In 2015 Gay American citizens across America were given the long awaited right to marry and since this pivotal moment, countries all over have been addressing laws that permit civil rights to their Gay civilians.
Puerto Rico Pro Family, one of the island’s largest Christian groups, said the protests are two ensure constitutional amendments are enacted to limit marriage to heterosexual couples and to allow parents to decide how their children are educated on gender issues.
“There are certain issues that are non-negotiable,” Dr. Cesar Vazquez Muniz, spokesman of Puerto Rico Pro Family, commented about the changes stating the problem is, “that they are trying to change the values of this country.”
Due to the protests, Legislators held back public hearings on the proposed bills debating the issues of gay rights currently finding some opposition in the country.
In an interview with The Associated Press, Senator Maria Gonzalez Lopez said that the bills she had filled back then had an emotional, psychological, and economical effect by disallowing same-sex couples to adopt. Possibly suggesting the ban on same-sex couples to adopt may lead to said couples opting to live elsewhere.
The bill states the importance of enabling same-sex couples to adopt, stating: “It’s imperative that this legislative assembly recognize and not deny existing families their rights. People’s lifestyles are moving further away each time from the concept of a traditional family nucleus.”
The current was filed when back in February Puerto Rico’s Supreme Court voted 5-4 to maintain a local law that banned any adoption requests made by same-sex parents. The vote was appealed by a Puerto Rican woman who, for nearly a decade, tried to adopt a 12-year-old girl her partner for more than 20 years gave birth to via vitro fertilization, the appeal was unsuccessful.
While the same-sex adoption has generated protest, fearing the permitting of Gay couples to adopt may destroy the meaning of family the issue regarding teaching students about gender has the religious organization fearing the government is trying to distort the morals of Puerto Ricans.
However, Senator Gonzalez introduced the bill to educate students on gender issues as way to promote gender equality and end the country’s domestic violence problem.
Despite protests on the change in the curriculum, Puerto Rico’s education secretary approves of the bill and supports it but warns that the department will need more funding and resources to create the gender issue into the curriculum. Also backing Gonzalez’s bill are other officials who want penalties to be added if schools do not comply with the bill.
In response to the ban disallowing Gays to adopt, Puerto Rico’s Supreme Judges said that it was up to legislators to change the adoption laws.
While most do not see how gay civil rights and gender issues do not co-relate, they do. Both are currently growing issues that need to be addressed.

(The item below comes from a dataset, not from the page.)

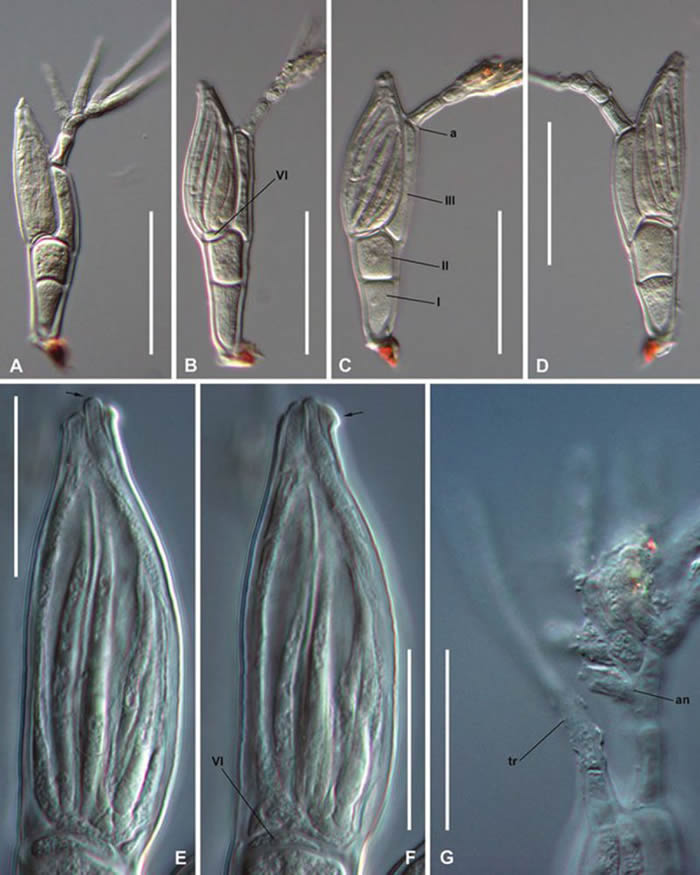 ͨطͼ ΪTroglomyces twitteri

Both contained two sets of people being discriminated against and deemed un-equal because who and what they are.
The introduction of bills to permit or allow for a better livelihood for either man or woman, gay or straight, and anyone else is not an action on disturbing one’s life but to ensure a better living condition for all.
Across the US, approximately 3 million lesbian, gay, bisexual, transgender, or queer (LGBTQ) Americans have had a child, and as many as 6 million American children and adults have an LGBTQ parent.
Among LGBTQ adults under 50 living alone or with a spouse or partner, 48% of women and 20% of men are raising a child under 18 and 19% of transgender adults have had a child.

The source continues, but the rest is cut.